Short text fragments from websites
·····

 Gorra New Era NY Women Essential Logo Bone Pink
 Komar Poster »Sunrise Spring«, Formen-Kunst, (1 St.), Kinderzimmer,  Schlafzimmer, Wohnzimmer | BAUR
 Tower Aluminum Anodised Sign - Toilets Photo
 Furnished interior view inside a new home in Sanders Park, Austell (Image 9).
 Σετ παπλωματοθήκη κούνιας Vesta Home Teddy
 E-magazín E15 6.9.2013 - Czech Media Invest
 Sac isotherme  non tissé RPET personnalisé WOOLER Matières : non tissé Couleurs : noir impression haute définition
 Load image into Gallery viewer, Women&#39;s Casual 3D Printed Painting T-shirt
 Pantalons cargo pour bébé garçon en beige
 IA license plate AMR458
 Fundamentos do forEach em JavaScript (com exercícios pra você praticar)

·····

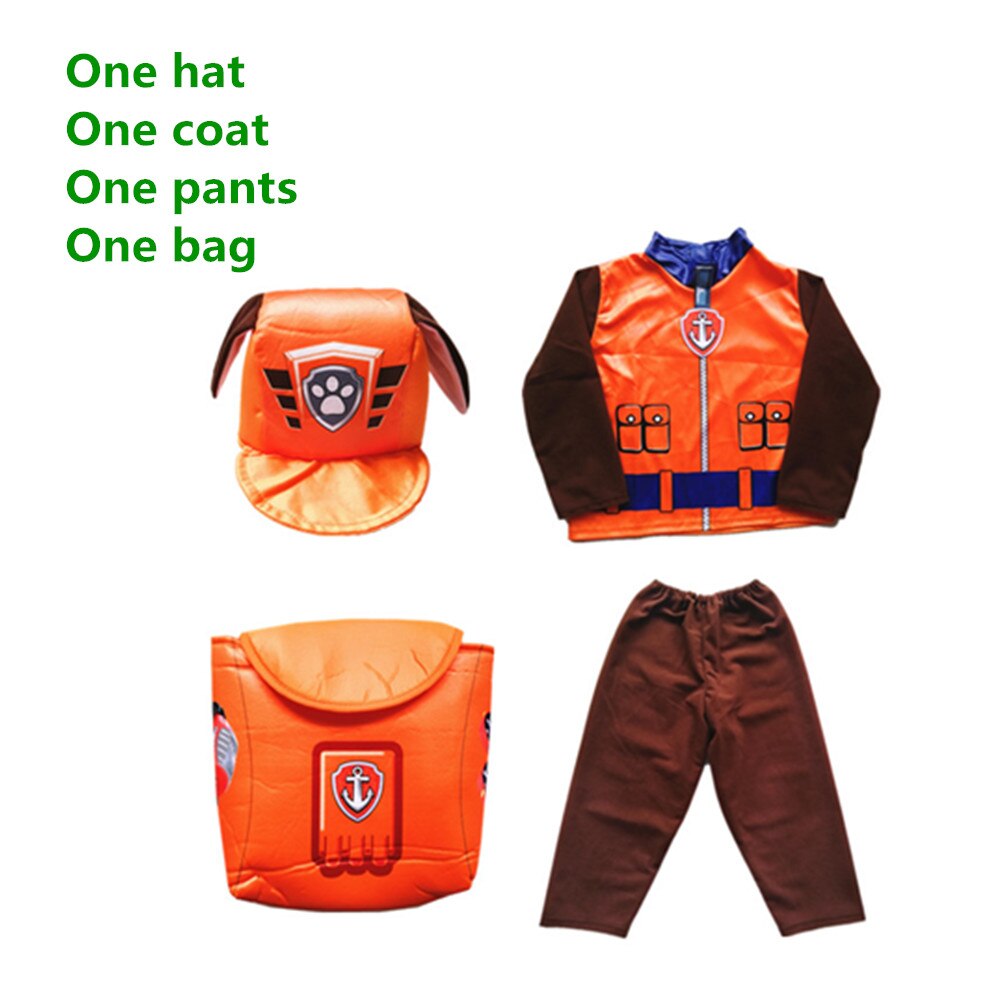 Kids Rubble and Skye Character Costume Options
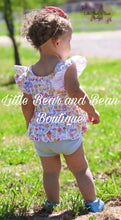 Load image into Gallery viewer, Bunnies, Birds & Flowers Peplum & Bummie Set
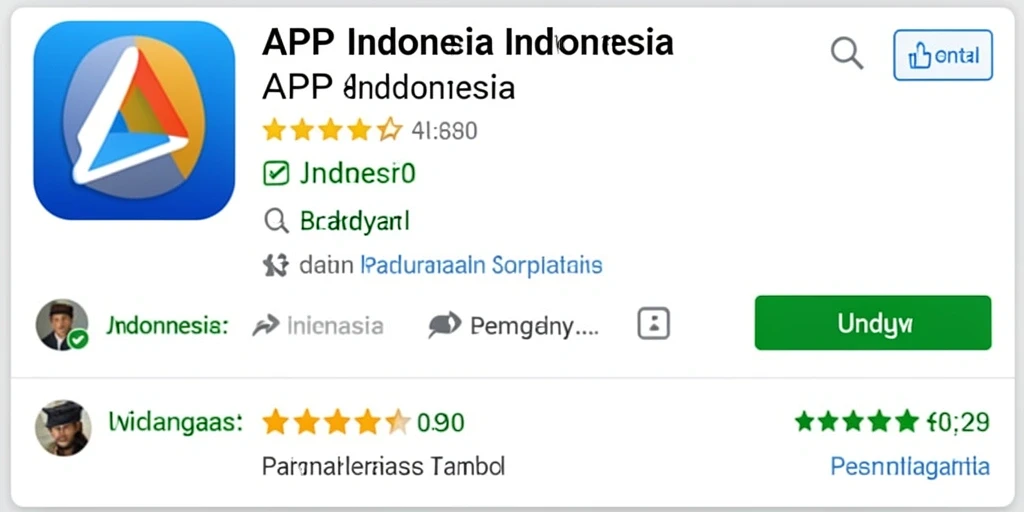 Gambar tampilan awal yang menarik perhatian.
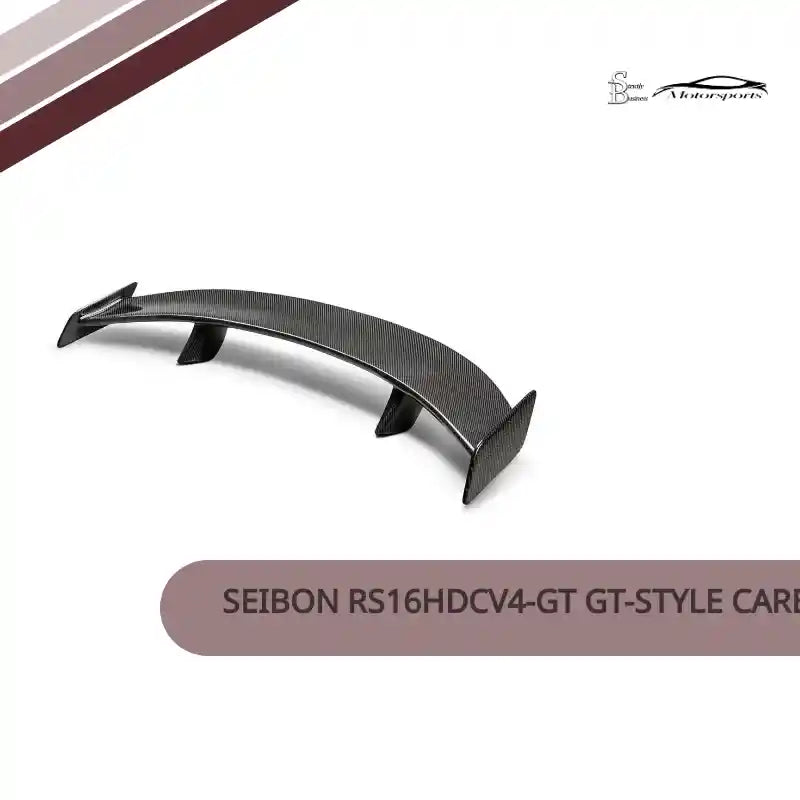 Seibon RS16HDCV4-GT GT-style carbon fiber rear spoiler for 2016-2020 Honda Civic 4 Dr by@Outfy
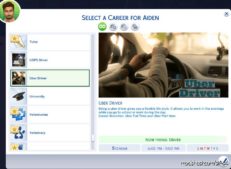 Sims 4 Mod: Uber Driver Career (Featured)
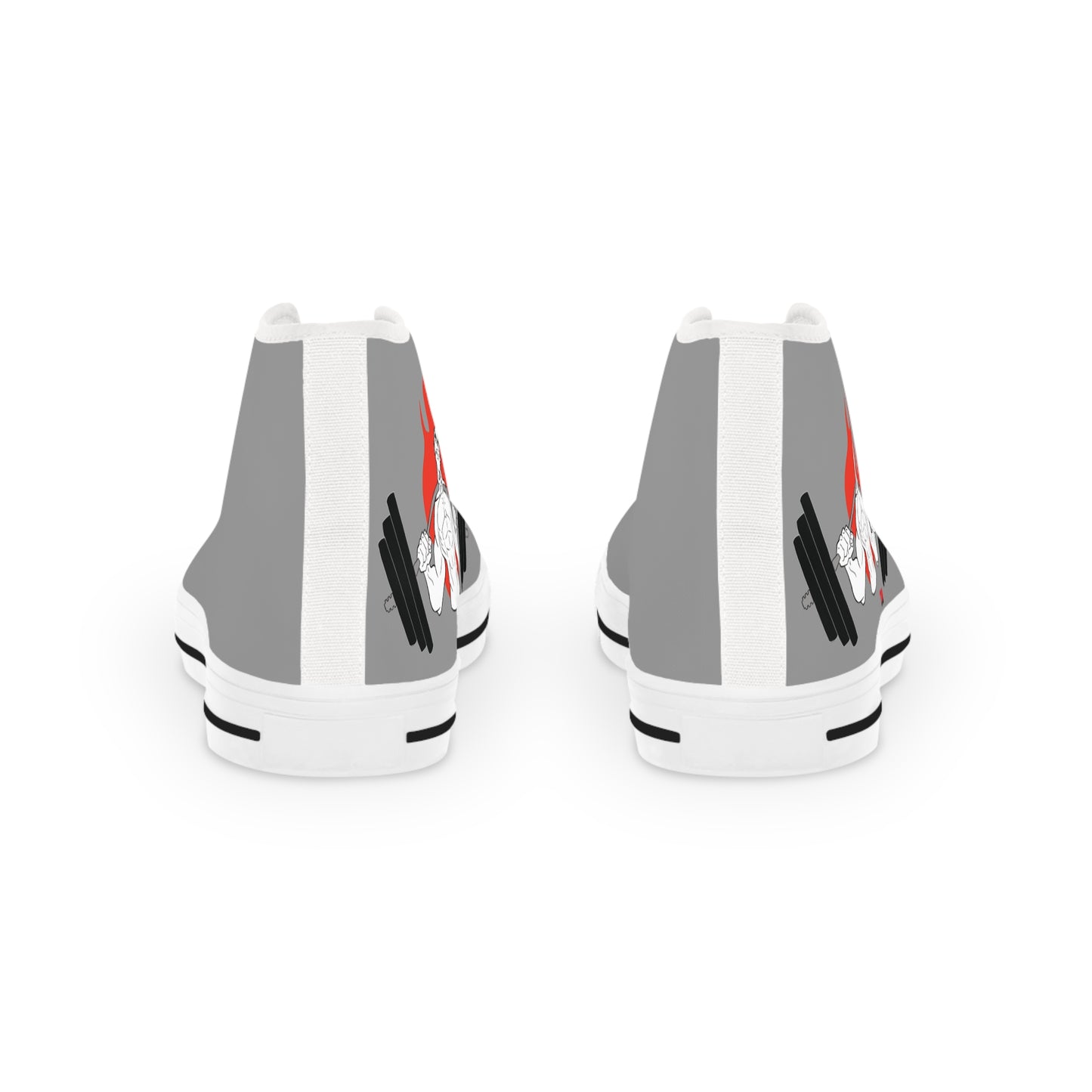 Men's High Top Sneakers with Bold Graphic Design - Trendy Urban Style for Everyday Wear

·····

## What to do
The lines to reproduce run from the one above containing "Gambar tampilan awal yang menarik perhatian." through the one containing "Men's High Top". Copy them exactly and leave out all pictures.

## Solution for this task
 Gambar tampilan awal yang menarik perhatian.
 Seibon RS16HDCV4-GT GT-style carbon fiber rear spoiler for 2016-2020 Honda Civic 4 Dr by@Outfy
 Sims 4 Mod: Uber Driver Career (Featured)
 Men's High Top Sneakers with Bold Graphic Design - Trendy Urban Style for Everyday Wear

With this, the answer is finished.